June 26, 2011, 01:54 PM
Browning serial B11819.
Diamond shape then BP after it.
Some rust. Needs cleaned and lubed.
I hope the pics help identify it. I am not having any success identifying it on the Browning web sight. Nothing matches the serial number with the B11819.
What do you guys think it is worth before and maybe after repairs.
June 26, 2011, 01:57 PM
The tip of the butt of the stock has a medium chip out of it.
June 26, 2011, 02:01 PM
Last pics for identification
June 26, 2011, 06:15 PM
I thought I knew something about A-5's but I am SOL. I checked my references Re: that serial, no luck. The BP in lozenge and diamond, do not conform to Belgian or to my knowledge any Western European proofs. The Spanish used BP above an oval on shotgun barrels.The serial location is usually on the underside forward of the feed access, any sign of alteration? I notice it's not a Light Twelve. Yes, they are heavy.
Hopefully someone will educate us?
Rough but operable A-5's around here trade from around $350 up (although some folks ask much more). A Sweet Sixteen or Light Twenty can bring much more.
June 26, 2011, 06:41 PM
What leads you to believe it's circa 1950?
June 27, 2011, 10:13 PM
It is a American Browning, made by Remington for Browning during the Nazi occupation of Belgium, during the WWII years from 1940-47 these were contracted to Remington, part are not interchangeable between the FN made Auto-5 and the Remington made model
June 27, 2011, 10:42 PM
Thank you gentlemen.
That is a big help.
I'm hearing not much on the value.
June 28, 2011, 08:28 AM
I have a Belgium '51. The serial number is has a different nomenclature. My A-5's serial number is on the bottom of the receiver just in front of the loading port.
June 28, 2011, 09:56 AM
As orphanedcowboty stated, the gun was made by Remington and rebadged to Browning.
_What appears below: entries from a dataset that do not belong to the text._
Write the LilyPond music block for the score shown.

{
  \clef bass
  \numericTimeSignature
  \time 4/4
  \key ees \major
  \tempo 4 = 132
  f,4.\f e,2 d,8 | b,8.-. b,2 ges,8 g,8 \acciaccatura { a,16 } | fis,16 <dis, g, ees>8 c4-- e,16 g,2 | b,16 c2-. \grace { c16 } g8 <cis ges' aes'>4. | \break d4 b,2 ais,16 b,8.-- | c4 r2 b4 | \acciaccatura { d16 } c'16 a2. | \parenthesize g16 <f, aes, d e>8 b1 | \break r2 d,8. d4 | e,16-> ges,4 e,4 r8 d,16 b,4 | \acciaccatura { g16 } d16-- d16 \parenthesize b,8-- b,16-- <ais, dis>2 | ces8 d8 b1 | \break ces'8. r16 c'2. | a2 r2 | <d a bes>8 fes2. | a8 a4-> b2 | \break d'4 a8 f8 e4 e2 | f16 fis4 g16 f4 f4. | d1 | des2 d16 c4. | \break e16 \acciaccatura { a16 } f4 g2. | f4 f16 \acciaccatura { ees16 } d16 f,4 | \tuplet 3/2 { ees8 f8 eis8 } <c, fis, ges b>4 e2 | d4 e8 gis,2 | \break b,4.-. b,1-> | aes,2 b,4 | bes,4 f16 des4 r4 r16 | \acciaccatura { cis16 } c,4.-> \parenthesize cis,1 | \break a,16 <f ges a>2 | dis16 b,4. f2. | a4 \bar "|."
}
It is a hybrid between the Remington M-11 and the Browning A-5which can be a problem with parts as some M-11 parts are used as are some A-5 and some parts were altered from the original to make it all fit. The main visual difference between the M-11 and the "American" A-5 is the latter has the magazine cut off and the former does not. This is what has caused some issues with parts in my experience. Most parts are M-11 based, a few are FN/Browning and it can be a chore to distinguish between them.
The serial number prefix refers to the bore size, A=16 ga, B=12 ga, and C=20 ga. The value of these guns are more in line with the M-11 than the A-5 with the unknowing/unscrupulous paying/charging A-5 prices for them. I have the full collection of these guns in very good shooter condition, I don't think any are worth more than $300 and would guess yours in the $250 range for around here. The solid rib adds a slight premium over the standard plain barrel but even that would only be maybe $25.
June 28, 2011, 07:13 PM
Appreciate you guys coming to the rescue. I kind of expected the "U.S. answer" but none of my resources indicated a change in serialization. The "proof marks" also threw me for a loop.
As the owner of a tired but effective 16 ga. Model 11 (1947 mfg.) I readily absorb your comments. Thanks for informing Scottie.